__What the task asks__
In the data that follows, find the line with "Wrene Ultra High"; transcribe it, every later line up to the one with "Baignoire autoportante 63", and that line as well, exactly and with no others.

__Extracted records__
■ ■ ■ ■
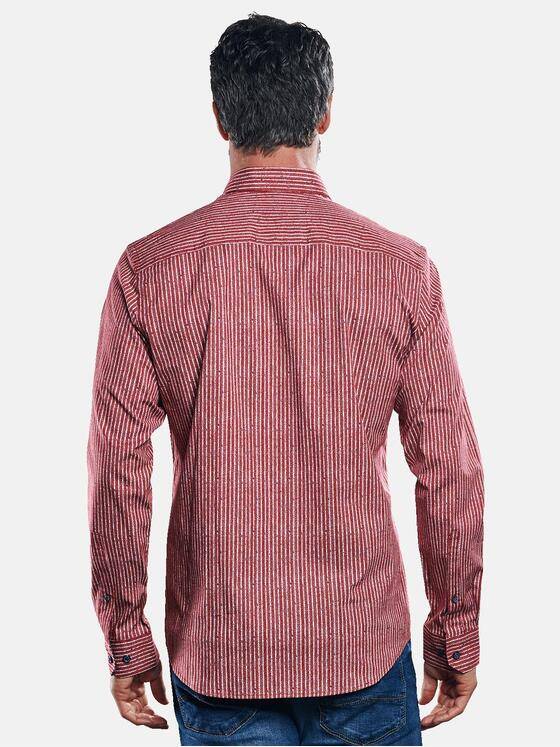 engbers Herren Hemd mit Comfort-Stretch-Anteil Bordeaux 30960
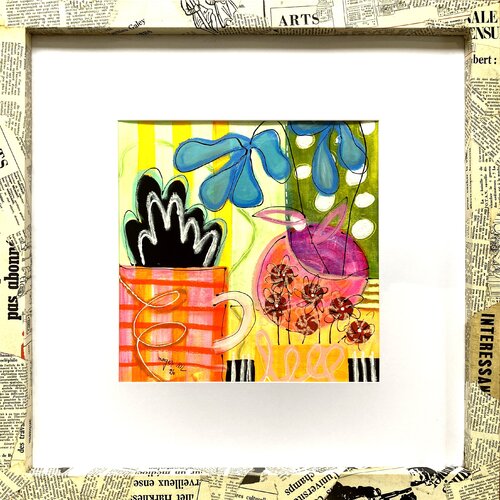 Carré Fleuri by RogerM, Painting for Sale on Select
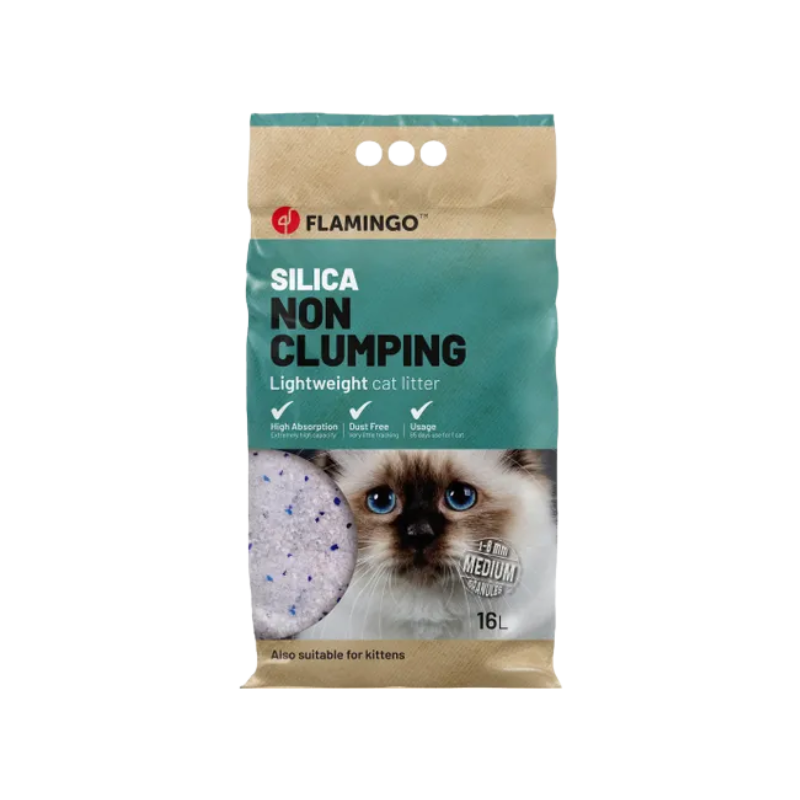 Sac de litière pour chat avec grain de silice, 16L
■ ■ ■ ■
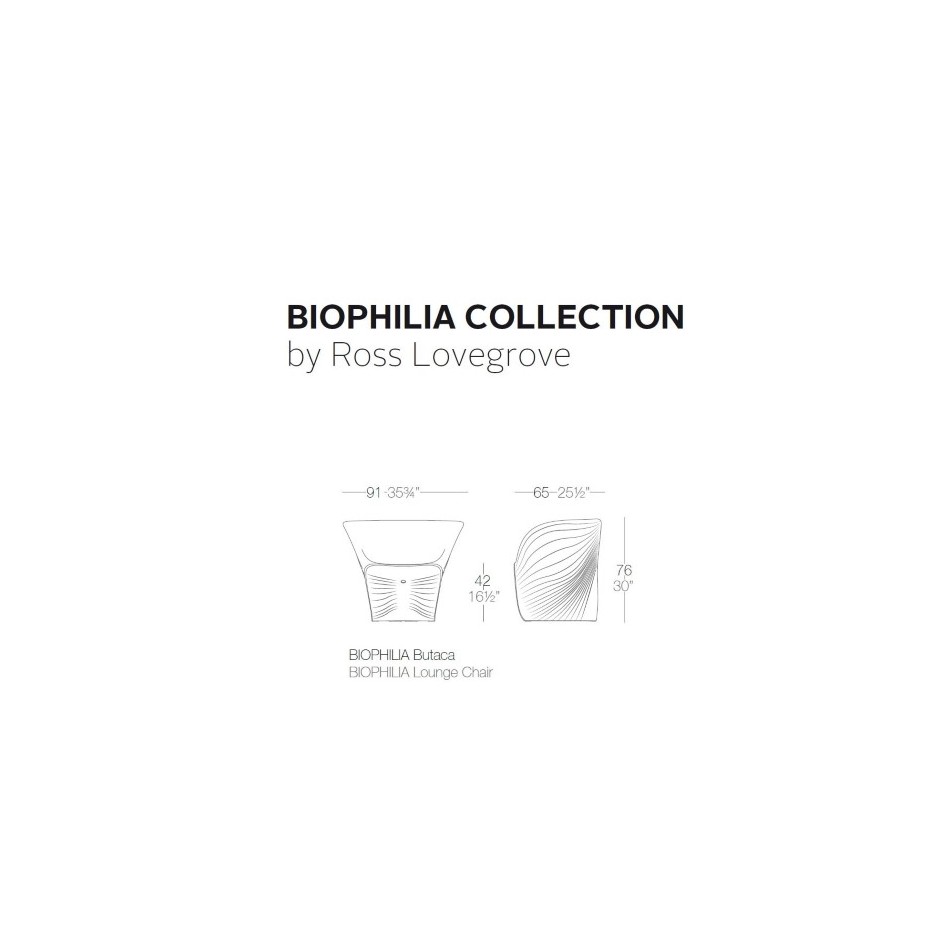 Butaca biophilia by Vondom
■ ■ ■ ■
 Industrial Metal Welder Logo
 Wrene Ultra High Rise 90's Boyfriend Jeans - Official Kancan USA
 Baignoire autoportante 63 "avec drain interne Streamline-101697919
■ ■ ■ ■
__Written response__
 Wrene Ultra High Rise 90's Boyfriend Jeans - Official Kancan USA
 Baignoire autoportante 63 "avec drain interne Streamline-101697919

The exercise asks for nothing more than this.